# Crystal Cruises



## Andy (Aug 25, 2002)

Anyone been on one of these recently. It's been years for us but we're going on this one:

https://askandyaboutclothes.com/com...5-AskAndy-Asia-Tour-April-2015&highlight=Asia

On Pg. 13 of the "Before you Sail" brochure?

_Alcoholic beverages from our all-inclusive beverage menu are included in your cruise fare.
_
 ​Are there certain alcoholic beverages (house brands) for which you are not charged?
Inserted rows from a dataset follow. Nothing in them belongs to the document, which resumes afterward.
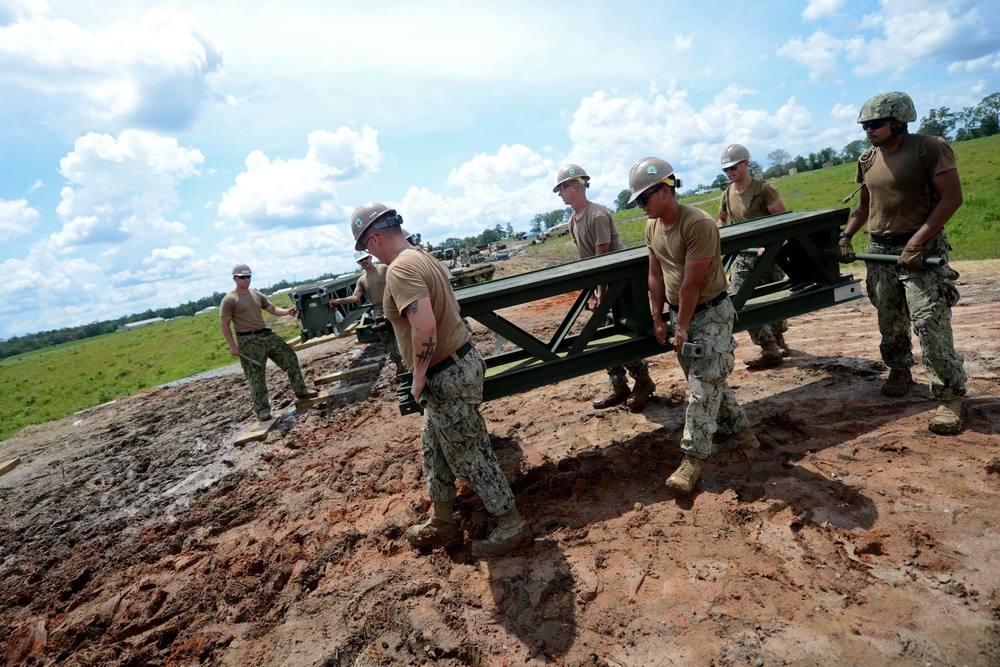 NMCB 1 Builds Medium Girder Bridge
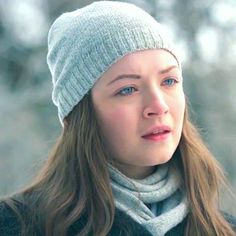 a woman with long hair wearing a gray hat and scarf, looking off to the side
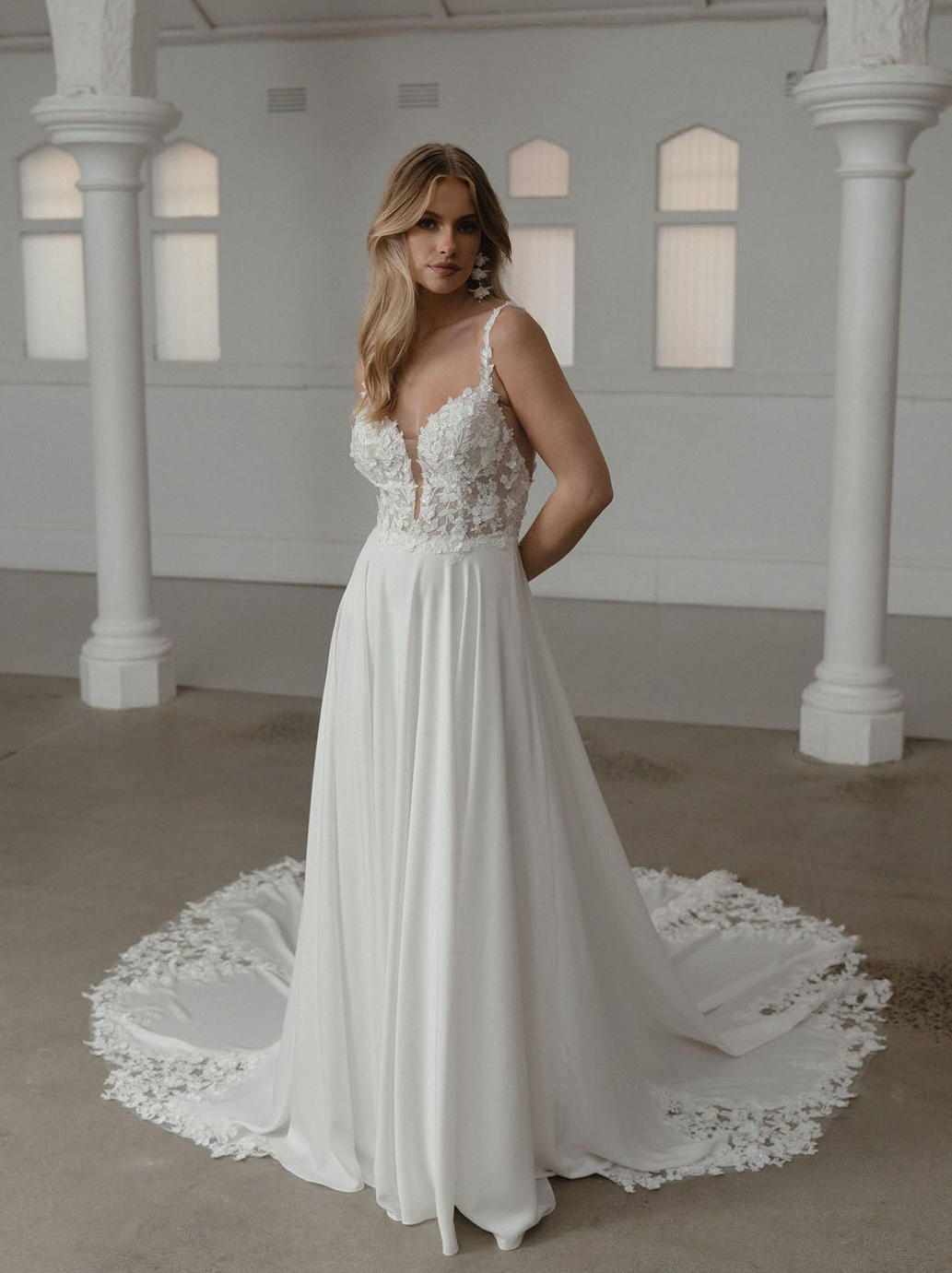 Eine Frau in einem weißen Brautkleid steht in einem Raum mit Säulen.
I don't have to bring a couple of bottles on board?


----------



## drlivingston (Jun 21, 2012)

The last time that I was on Crystal, it was pretty much all-inclusive. Don't worry about bringing your own alcohol. They have an extensive wine list. Besides, if you were into just saving money, you would be on Royal Caribbean instead of Crystal. :tongue2:


----------



## Andy (Aug 25, 2002)

That's great! It means I can get back most of what we paid for the trip! :beer:


----------



## drlivingston (Jun 21, 2012)

I don't think that Crystal wants to see me again anytime soon. It was either on that cruise or a Radisson (now Regent) cruise that my head waiter stopped calling me by my real name and started calling me Kobayashi.


----------